# Seeking video recording of attached Don Giovanni album



## AmiG (8 mo ago)

There had been a professional looking video on YouTube of the attached performance, but it has been removed. I contacted Deutsche Grammaphon and the Berliner Philharmoniker and both deny owning, possessing, or selling the recording. It is my favorite performance by far and I would like to own a copy. There are recordings of other performances with almost the same cast but I do not like them as much. The YouTube performance was not in front of an audience, there were close ups, etc, not a bootleg video.
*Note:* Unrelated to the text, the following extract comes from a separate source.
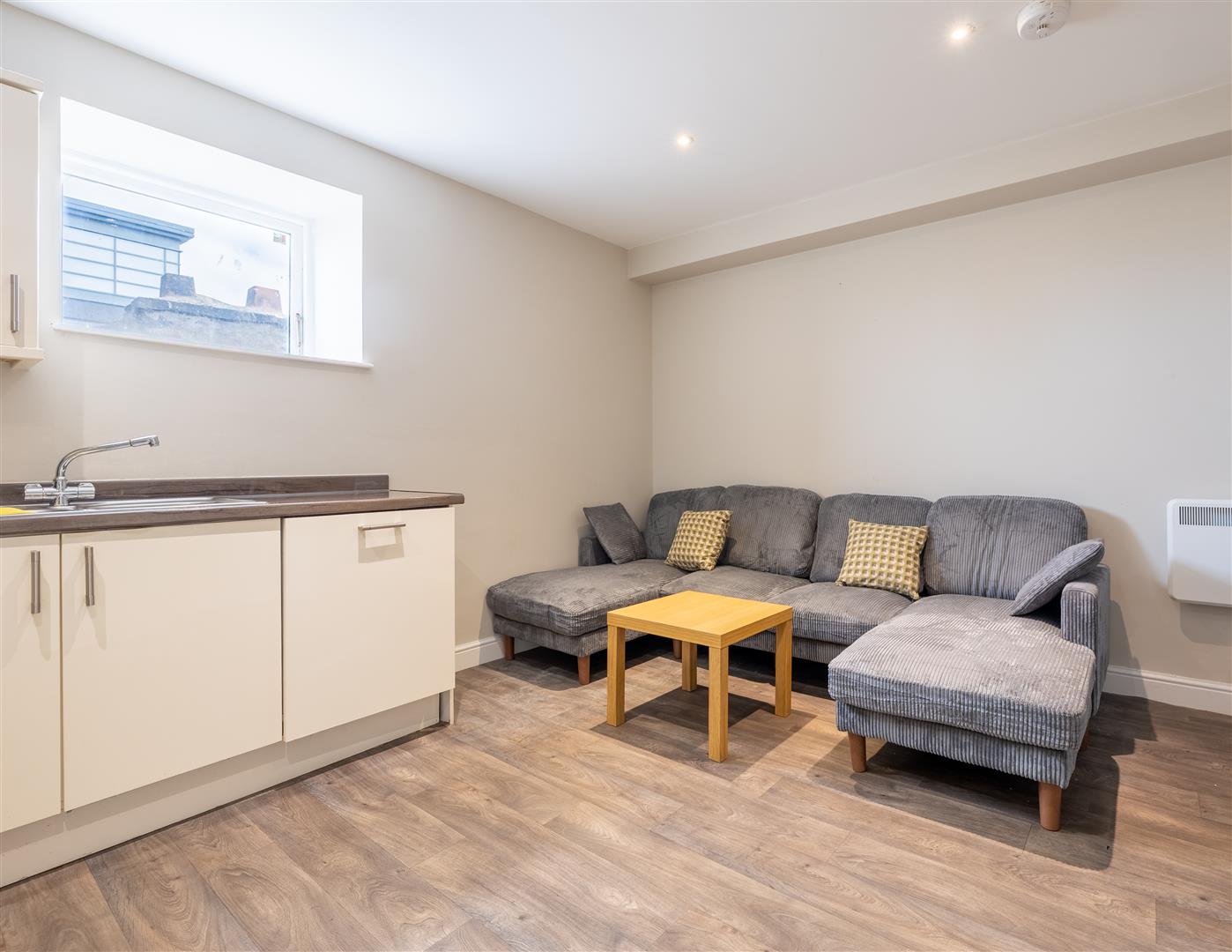 Flat Pitt Street in Lancaster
The link for the YouTube video was:






Leads, suggestions, etc for locating the video would be much appreciated!!!


----------



## Rogerx (Apr 27, 2018)

It is a Sony Video. this is from Amazon


----------



## AmiG (8 mo ago)

Rogerx said:


> It is a Sony Video. this is from Amazon





Rogerx said:


> It is a Sony Video. this is from Amazon


Someone from Deutsche Grammaphon suggested this as an alternative, and said it had a similar, though not identical, cast....? Do you think believe that it is the same performance?


----------



## Rogerx (Apr 27, 2018)

AmiG said:


> Someone from Deutsche Grammaphon suggested this as an alternative, and said it had a similar, though not identical, cast....? Do you think believe that it is the same performance?
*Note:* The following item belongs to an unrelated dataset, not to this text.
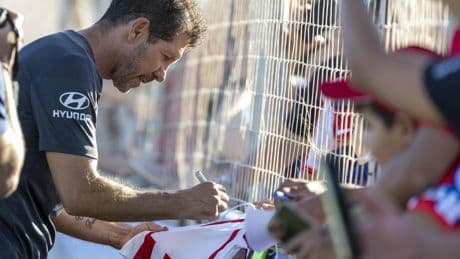 Doble sesión del Atlético y locura entre los aficionados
Not all the signers are the same. But I am sure it from the same production.
The one I posted is on You Tube, Good Luck .


----------



## AmiG (8 mo ago)

Rogerx said:


> Not all the signers are the same. But I am sure it from the same production.
> The one I posted is on You Tube, Good Luck .


Ok, 



 does appear to be the recording I was looking for, thanks!!! It lacks the English subtitles the other had, but I am happy to have access to it. Thanks so much!


----------



## Rogerx (Apr 27, 2018)

AmiG said:


> Ok,
> 
> 
> 
> does appear to be the recording I was looking for, thanks!!! It lacks the English subtitles the other had, but I am happy to have access to it. Thanks so much!


It's sometimes very confusing.....glad all is solved now.


----------



## ClassicalMaestro (Dec 10, 2017)

This is amazing. I was just watching Amadeus last night for the 100th time lol and I was looking up Don Giovanni on itunes.


----------



## The Conte (May 31, 2015)

That recording is due to be remastered/rereleased. Might be worth waiting for it.

N.


----------